Perdido 03

Perdido 03

Friday, August 16, 2013

What's Wrong With Bill Thompson That So Few People Know Him?

The NY Times looks at Bill Thompson's struggle to get noticed in the mayor's race:

There were a lot of reasons to believe that this would be the year for Mr. Thompson. He was the Democratic nominee in 2009, when he stunned many by coming within five percentage points of unseating Mayor Michael R. Bloomberg, despite being outspent by more than $100 million. He is the only African-American candidate in a city where whites are a minority. And, in a primary field of Democrats that many have deemed underwhelming, he has won praise for his even-tempered, deliberative approach to vexing issues.

But Mr. Thompson has repeatedly been eclipsed by his flashier Democratic rivals, who are all younger, and louder, than he is.

Christine C. Quinn, the City Council speaker, led the race for much of the year, until former Representative Anthony D. Weiner briefly rode notoriety into the field’s top tier. This week, it is Bill de Blasio, the public advocate, who has commanded the attention, vaulting into first place in one poll and a tie in another, and once again relegating Mr.
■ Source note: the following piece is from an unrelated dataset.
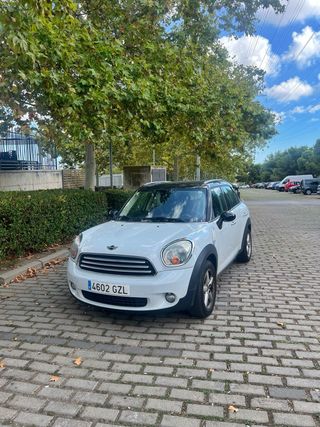 MINI Countryman 2011
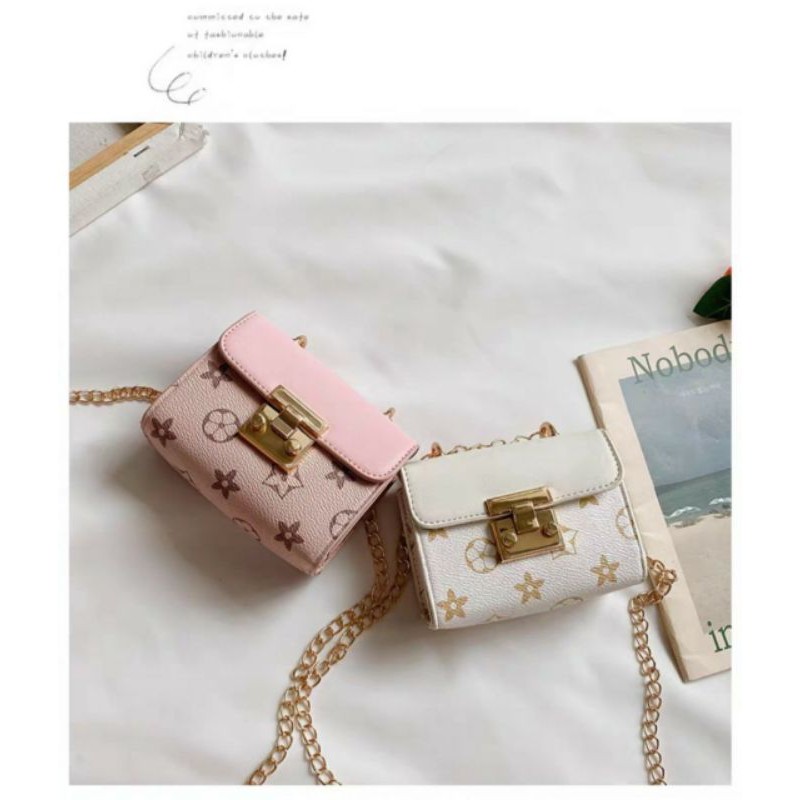 túi đeo chéo thời trang sang trọng cho bé gái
Thompson to third in both.

And throughout the year, pollsters have been noticing a startling reality: Even though this year is the fourth time Mr. Thompson has appeared on a citywide ballot, nearly half of New York voters in a Quinnipiac Poll taken last month said they still did not know enough about him to form an opinion.

That nearly half of New York voters surveyed in the Quinnipiac poll do not know enough about Thompson to form an opinion about him tells you a lot about Thompson as a candidate and as a person.

He is faceless, he does not stand out in a crowd because he does not stand for anything other than his own career advancement, and he is not registering with voters because there is nothing about him or his candidacy that is distinctive.

He is a middle of the road candidate, looking to appeal to the establishment (thus Merryl Tisch as his campaign co-chair and Al D'amato as his chief bundler), looking to assuage the power brokers worried about life in the city post-Bloomberg.

That has been his strategy and clearly, it isn't working so well yet.

That's why he has been changing some policy stances, like on stop-and-frisk, which he used to be for before he changed his mind and opposed after seeing numerous polls showing him lagging in black community support.

The other candidates all have distinctive themes - Liu, the underdog the establishment hates; de Blasio, the outerborough liberal; Quinn, the consummate insider who knows how to get things done; Weiner, the sexter.

What is Thompson's campaign theme?

Vote for me, I almost won in 2009?

I'm not willing to write Thompson off yet, but when you see numbers like the Quinnipiac ones where almost half the voters STILL don't know who the hell Thompson is in mid-August, you have to start wondering if he has enough juice to break through in the next few weeks.

No wonder the first ads the Thompson campaign went up with were the ones reintroducing the candidate to the voters.

But maybe they should have said "introducing" the candidate to voters, because reintroducing him assumes people already know him.

And as we can see from the polls, about half the city does not.